- Your assignment: For this exercise, retype all the data exactly and exclude every image.
═══ Information supplied ═══
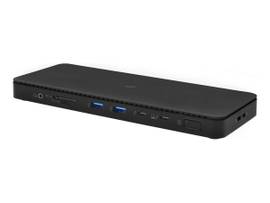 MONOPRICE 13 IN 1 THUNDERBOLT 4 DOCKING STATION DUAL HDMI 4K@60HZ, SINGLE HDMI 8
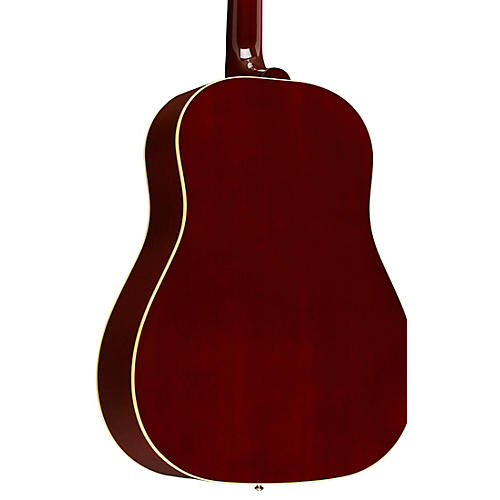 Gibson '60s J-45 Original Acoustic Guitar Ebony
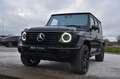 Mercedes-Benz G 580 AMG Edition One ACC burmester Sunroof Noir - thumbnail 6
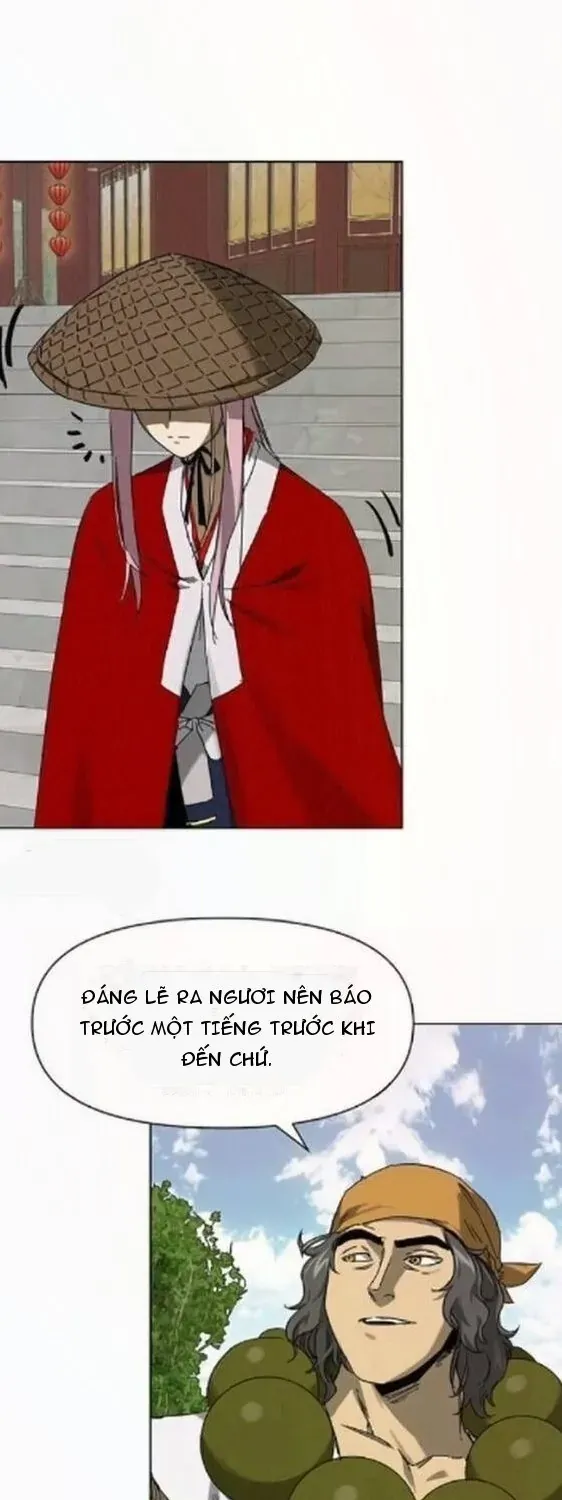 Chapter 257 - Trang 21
═══
- Answer for the task:
 MONOPRICE 13 IN 1 THUNDERBOLT 4 DOCKING STATION DUAL HDMI 4K@60HZ, SINGLE HDMI 8
 Gibson '60s J-45 Original Acoustic Guitar Ebony
 Mercedes-Benz G 580 AMG Edition One ACC burmester Sunroof Noir - thumbnail 6
 Chapter 257 - Trang 21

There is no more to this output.